In summary, paricalcitol, on the one hand, can induce the transformation of pre-osteoblasts into osteoblasts. The released osteocalcin reacts with carboxylase to form carboxylated osteocalcin, producing the effect of introducing calcium into bone, and at the same time, it reacts with collagen secreted by osteoblasts to form collagen fibers to promote bone formation. On the other hand, it can inhibit the transformation of pre-osteoclasts into osteoclasts, thus reducing the release of cyclooxygenase (COX-2) and prostaglandin (PGD-2) secreted by osteoclasts, improving the imbalance of bone remodeling, and increasing bone mass (Figure 6).

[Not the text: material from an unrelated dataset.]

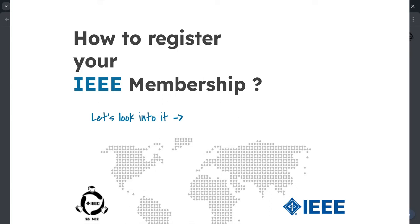So hi guys, in this video we are going to look on how to create your IEEE student membership for the first time.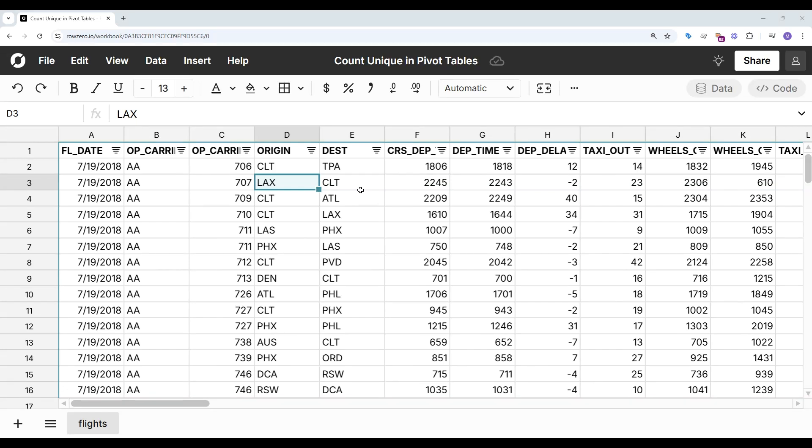Row 0 is a next-gen spreadsheet built for big data. In this video, we'll show how to count unique values in a pivot table.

Figure 6 Molecular mechanism of paricalcitol in bone metabolism.

Immune inflammation

The effects of VD on intrinsic immunity are mainly focused on the regulation of epithelial cells, mononuclear phagocytes, and dendritic cells, with the most studied being the regulation of mononuclear phagocytes. On the one hand, VD enhances bactericidal function by increasing the production of cathelicidin antimicrobial peptide (CAMP) and defensins. On the other hand, VD reduces the severity of infection through reducing the systemic inflammatory response by downregulating the synthesis of several pro-inflammatory cytokines, such as TNF-α, interleukin (IL)-1β, IL-6, IL-8, IL-23, and interferon (IFN)-γ.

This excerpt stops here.